Prefeitura adia mudanças na gestão das escolas de música e de bailado

O projeto havia sido colocado em consulta pública há dez dias e despertou reações de alunos e professores: um abaixo assinado na internet reuniu mais de 80 mil assinaturas e uma manifestação havia sido marcada para a manhã deste sábado em frente ao Teatro Municipal

João Luiz Sampaio

06 de março de 2020 | 15h35

A Prefeitura Municipal de São Paulo adiou a proposta de mudança na gestão das escolas municipais de música e bailado. O projeto havia sido colocado em consulta pública há dez dias e despertou reações de alunos e professores: um abaixo assinado na internet reuniu mais de 80 mil assinaturas e uma manifestação está marcada para a manhã deste sábado em frente ao Teatro Municipal.

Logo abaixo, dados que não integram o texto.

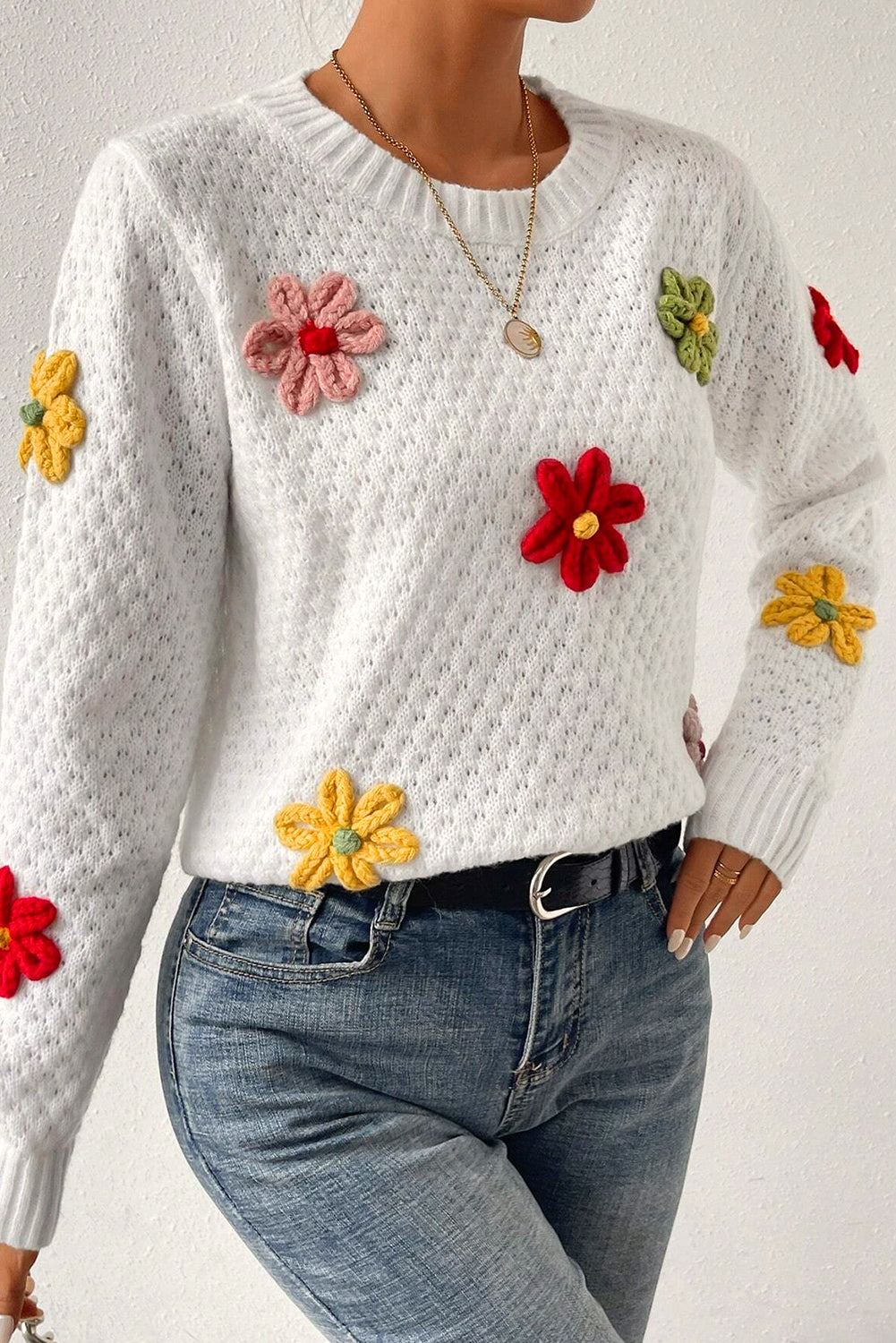 Colourful Flower Applique Textured Knit Sweater | White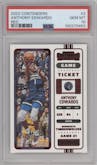 Anthony Edwards from the 2022-23 Panini Contenders set featuring a Game Ticket Red  parallel graded by PSA and given an overall grade of 10.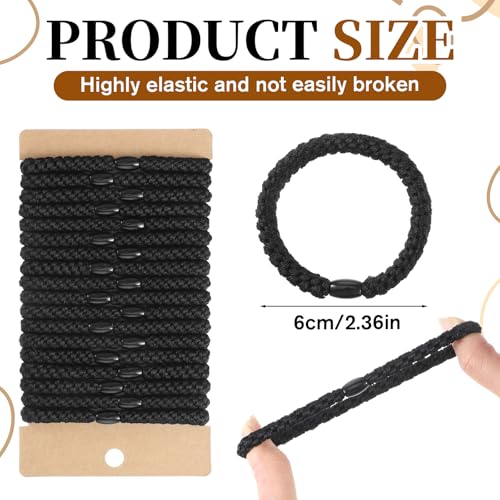 Cobee 18Pcs Men's Braided Elastic Hair Ties, No Slip Black Hair Bands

O projeto da Secretaria Municipal de Cultura incluía a extinção da Fundação Theatro Municipal, que já havia sido postergada na Câmara Municipal em acordo feito por vereadores da base e da oposição, e a instituição do modelo de gestão via organizações sociais para as escolas, que passariam a ter administração independente.

Em comunicado em sua conta no Instagram, a Secretaria Municipal de Cultura afirmou que, a partir dos comentários feitos durante a consulta pública, no que diz respeito às escolas, “entendemos que eventuais novos modelos devem permanecer em estudo, e que propostas alternativas ainda necessitam amadurecimento”. “Portanto não haverá edital de chamamento para organizações sociais interessadas neste momento”, diz o texto.

Quando anunciado, o plano foi criticado por professores, que questionavam os novos critérios pedagógicos propostos e acusavam a prefeitura de utilizar a mudança no modelo de gestão como pretextos para demissões e o que chamaram de “desmonte” das escolas. Em resposta, a prefeitura atribuiu as críticas a um desejo de evitar mudanças que pudessem profissionalizar as atividades das instituições.

Em comunicado, o Grêmio da Escola Municipal de Música considerou o adiamento uma “grande conquista”. Mas decidiu manter a manifestação prevista para este sábado. “A prefeitura diz que não haverá edital neste momento. Iremos às ruas demonstrar que não haverá momento no qual esse assunto será esquecido. Queremos mostrar que não aceitaremos nada menos que uma gestão participativa”, diz o texto.

Segundo a prefeitura, a mudança na gestão do Teatro Municipal será mantida e em breve será lançado edital de chamamento para organizações sociais interessadas em gerir o teatro e seus corpos estáveis. Atualmente, a gestão é feita não pela lei das OSs mas pelo Marco Regulatório das Organizações da Sociedade Civil (Mrosc).